In the mean time. I hope that helps.

cookiebarrel, Jan 10, 4:27am
Yes very helpful samanya. Thank you.

samanya, Jan 10, 6:14am
I envy you . my young plum tree had a huge amount of blossoms, with heaps of fruit setting & then we got a vicious north west wind & that weaned a lot out , but still looking like a good crop & bugger me, we got another spate of winds & I can hardly find one on my tree now . so enjoy the bounty of plums.

cookiebarrel, Jan 10, 11:45am
I am lucky to have a nice neighbour with an abundance of plums this year. Only got a couple of struggling feijoa trees on my new place. Hope to be planting fruit trees around the place once I learn what does best here. Moving from the Bay of Plenty to the Manawatu and leaving my lovely fruit trees behind has been a bit of a wrench. Need to plant so many down here to get back what I lost. All we are growing here at present is hay! And I left a lot of jars behind when we shifted which I now regret. Should not have listened to those who asked me why I was going to take them with me as I wouldn't need them. Knew I should have trusted my own instincts, especially about all my lovely sauce bottles.

punkinthefirst, Jan 14, 2:16am
For any jams I plan to make, I like to weigh and stone the fruit, and cook them to a pulp with a tiny amount of water. If my jam measurements are in volumes, I measure by volume.This is so that I can take a bag of pulp out of the freezer, leave to thaw overnight, add the right amount of sugar, and have a few jars of fresh jam in a quick time. Bags of pulp take up a small space in the freezer, and I'm also tending to make jam later in the year, when its a bit cooler and I have more time. The less water, the better. you'll only be boiling it away when you make the jam. Label the bags with the quantity of pulp, and also how much sugar you'll need for your jam.
I find that large zip-lock bags or 2 litre ice-cream containers are perfect for freezer storage, so long as you make doubly sure they're properly sealed.

punkinthefirst, Jan 14, 2:27am
Welcome to the lower half, cookiebarrel.
You'll find that almost anything except oranges will do fine in the Manawatu. That wind from the West is the killer, though, so you'll need wind-cloth or a shelter belt, or both!
Have a look in op-shops for jars - and for your sauce, wine or beer bottles are good. I have a wine corker, and a beer capper, and tend to use the small green and brown lager bottles. New caps are cheap, & easily sterilized. iI you choose the twist-top bottles, you can reuse the cap to seal the bottle while you're using it, and keep it in the fridge.

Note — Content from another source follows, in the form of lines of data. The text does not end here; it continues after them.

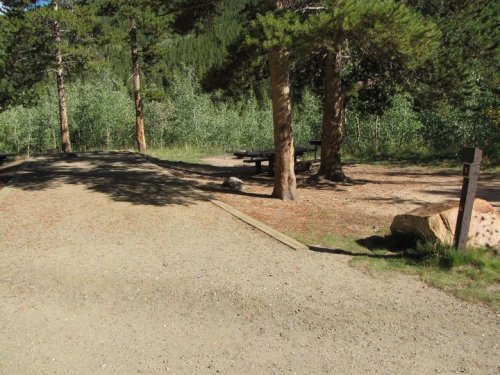 Photo post from Grand County Sheriff's Office - Colorado.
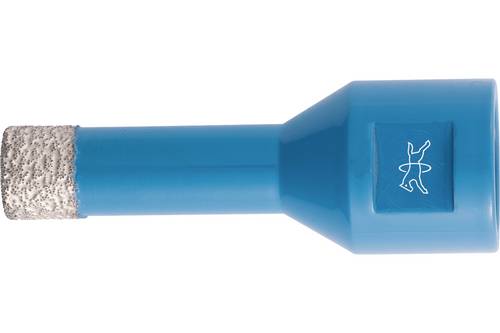 PFERD TOOLS DPD 12 FL M14 68300121 Diamant-Trockenbohrer 12 mm 1 St.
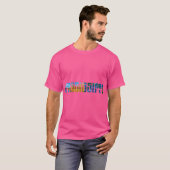 ミシシッピ48 Tシャツ (正面フル)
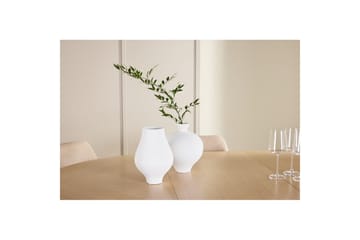 Spisegruppe Strada Rund 120/170 cm med Night Stoler 6 stk - 6 stk - Møbler - Bord - Spisegruppe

cookiebarrel, Jan 14, 1:50pm
Thanks for the welcome punkinthefirst and for the advice. Nine months yesterday (gosh has it really been that long?) since I moved down here and wish I had done it 30 years ago. Absolutely loving it and don't even mind the wind. Does explain why most of the trees lean in the same direction though! Would lemons do better than oranges as I miss the lemon trees I had up in Te Puke and so want to get a couple planted here.
Was up your way last week and it seems a lot dryer than here. Looks a nice little town and noticed a couple of shops I want to get back up and visit.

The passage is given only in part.